Of course, the letters were written at different times, in different situations. Mbeki’s letter is an attempt (in vain as it turned out) to combat the impression that his speeches mentioning “tribalism” were coded messages in the battle for party leadership against Zuma.
Zuma’s letter constitutes an attempt to draw a line under the notion that rifts are developing within the ANC over economic direction.
What they have in common are attempts to debunk the blindingly obvious; in Mbeki’s case that a contest for leadership was underway and in Zuma’s case that there is a contest over economic direction. Both appeal to ANC traditions in order to claim that these “impressions” or “interpretations” are in fact misunderstandings.
Yet beyond the immediate issues of their times, they constitute good examples of extraordinary differences in approach.
Mbeki’s letter, for example, proceeds from the point of view that anyone who does not see things his way is simply deluded.
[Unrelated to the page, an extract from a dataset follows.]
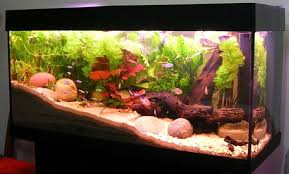 How To Feng Shui Your Fish Aquarium For Abundance 5 Factors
He actually uses the description “so-called leadership struggle”.
Figure 1: Mbeki’s word-cloud
Presumably he would choose to describe it differently, but that there was a leadership contest was at the time absolutely beyond debate, as Mbeki surely knew – since he had announced his intention to contest the post. Yet nowhere in the speech does Mbeki even slightly concede that something of that nature might just possibly be going on in the background.
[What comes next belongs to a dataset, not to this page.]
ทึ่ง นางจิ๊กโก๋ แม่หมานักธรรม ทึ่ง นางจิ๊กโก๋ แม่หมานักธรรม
The focus is entirely on people’s misunderstanding of him and what he said. Hence, he spends much of the letter quoting himself, in an effort to demonstrate what he actually meant and how wrong people were in interpreting him wrongly. He also spends large amounts of space quoting the Sunday Independent, to demonstrate what other people think wrongly about him.
The impression created is of someone acting in blithe indifference to the issue of the day. Worse in fact; he positively confused that anyone should suspect that he might be concerned with the issue at all.
Zuma’s approach was almost exactly the opposite: he focused immediately on the issue of the day, but sought to interpret it differently. Instead of staunch denial the approach is subtle reinterpretation.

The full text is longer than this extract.